There is so little dialogue in The Red Turtle, it is almost like the opposite of your typical French film. To be fair, the director is Dutch, the animation studio is Japanese and the island location looks like Ayers Rock from Australia landed in Tahiti.
Movie Review: The Red Turtle
By Steven Slater
March 29, 2017
The Red Turtle is a very strange, absorbing tale, told with the whimsy of traditional animation. I feel that because the film is opaque in its meaning, this review must include my interpretation of the plot. So, I’m giving you a spoiler alert if you are interested in seeing the film. For context, I had not read too much about the film, other than knowing Studio Ghibli had a hand in it. I knew there was no dialogue, and that it was about a man’s relationship to a mysterious red turtle. However, cosmic coincidences decided to hand me a little more; I saw Cast Away for maybe the third time ever two days ago, and I heard an interview today with Bruce Feiler speaking about the original, misunderstood story of Adam and Eve. Both have surprisingly direct inferences towards this film.
A Man is adrift at sea, apparently after a shipwreck. He clings to a life boat, but that is dashed to pieces as he washes onto a deserted tropical island. He explores, has a first encounter with life and death, and finds a way to survive on the island, but inevitably all he desires is to leave. He builds boats from the plentiful bamboo stalks, but a mysterious force breaks them apart in the ocean. He builds bigger and bigger boats until finally he sees that a large red turtle appears to be wrecking them. Not content to allow this impasse to settle, he kills the turtle when it appears again on his island. Later, his guilt over this act compels him to care for the dead turtle’s carcass, which splits in two. A Woman emerges from within. He is astonished, keeps an eye on this strange woman, and eventually they connect in a spiritual way. They have a child, who grows into a young man himself. One day a tsunami destroys most of the island and nearly kills all of them, but the son saves the father’s life. One day the son leaves with a band of sea turtles, seeking something beyond the horizon. The man and woman live their lives on the island, until finally they die.

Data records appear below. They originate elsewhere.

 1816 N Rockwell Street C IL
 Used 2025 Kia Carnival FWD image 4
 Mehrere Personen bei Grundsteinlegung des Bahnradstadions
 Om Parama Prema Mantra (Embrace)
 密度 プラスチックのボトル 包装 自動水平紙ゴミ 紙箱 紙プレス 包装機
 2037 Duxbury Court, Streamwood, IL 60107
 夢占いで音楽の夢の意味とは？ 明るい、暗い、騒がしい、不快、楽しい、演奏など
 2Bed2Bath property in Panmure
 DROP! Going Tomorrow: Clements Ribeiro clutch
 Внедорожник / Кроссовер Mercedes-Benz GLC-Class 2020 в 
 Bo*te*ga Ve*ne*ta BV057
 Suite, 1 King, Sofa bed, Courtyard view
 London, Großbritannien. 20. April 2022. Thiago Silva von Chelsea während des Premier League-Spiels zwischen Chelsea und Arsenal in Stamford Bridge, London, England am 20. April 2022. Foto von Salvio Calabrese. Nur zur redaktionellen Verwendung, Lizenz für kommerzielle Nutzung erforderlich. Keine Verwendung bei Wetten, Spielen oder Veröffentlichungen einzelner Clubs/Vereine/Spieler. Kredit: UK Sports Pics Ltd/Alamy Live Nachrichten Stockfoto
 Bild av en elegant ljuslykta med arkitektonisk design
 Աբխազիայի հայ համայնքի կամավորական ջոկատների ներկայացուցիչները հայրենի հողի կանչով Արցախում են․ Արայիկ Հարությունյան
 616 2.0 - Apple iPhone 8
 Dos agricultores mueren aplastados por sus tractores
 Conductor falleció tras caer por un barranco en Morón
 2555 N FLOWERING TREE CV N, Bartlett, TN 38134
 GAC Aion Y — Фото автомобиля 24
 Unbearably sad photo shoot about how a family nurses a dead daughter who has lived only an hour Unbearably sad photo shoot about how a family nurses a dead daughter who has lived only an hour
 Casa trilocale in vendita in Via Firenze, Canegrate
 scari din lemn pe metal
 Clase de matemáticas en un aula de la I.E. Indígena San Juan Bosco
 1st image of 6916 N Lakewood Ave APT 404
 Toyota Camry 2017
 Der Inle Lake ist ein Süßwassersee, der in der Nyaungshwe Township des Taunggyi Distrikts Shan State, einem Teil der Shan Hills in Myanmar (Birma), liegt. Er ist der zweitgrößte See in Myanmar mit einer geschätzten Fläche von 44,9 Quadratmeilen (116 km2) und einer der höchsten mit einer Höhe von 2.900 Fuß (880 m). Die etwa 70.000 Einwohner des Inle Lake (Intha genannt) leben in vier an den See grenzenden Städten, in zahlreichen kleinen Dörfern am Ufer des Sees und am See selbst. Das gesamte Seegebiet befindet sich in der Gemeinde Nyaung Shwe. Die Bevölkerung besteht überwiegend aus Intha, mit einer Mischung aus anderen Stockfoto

My main gripe with the film is not what it attempts to do with the medium. By the end, I understood that the film was an allegory for the director’s view of human life. The island is where we are all destined to be alone, where we can never escape who we are even if we did not choose who we would be born as. The man grows like we do, sensing each new epiphany as a change in our view of the world. His first encounter with life or death is a powerful lesson; he cannot always know he will live, but can only do his best to try. My issue is that the film is a bit too abstract in how it connects the dots. While I can see how each moment or event is related to a larger story of being human, they seem a little too random. Things do not feel like they follow any sort of logic. While this may concur with some people’s view of human life, it does not connect to any deeper emotional core from my viewing perspective. That is not to say that individual moments do not inspire reflection and introspection.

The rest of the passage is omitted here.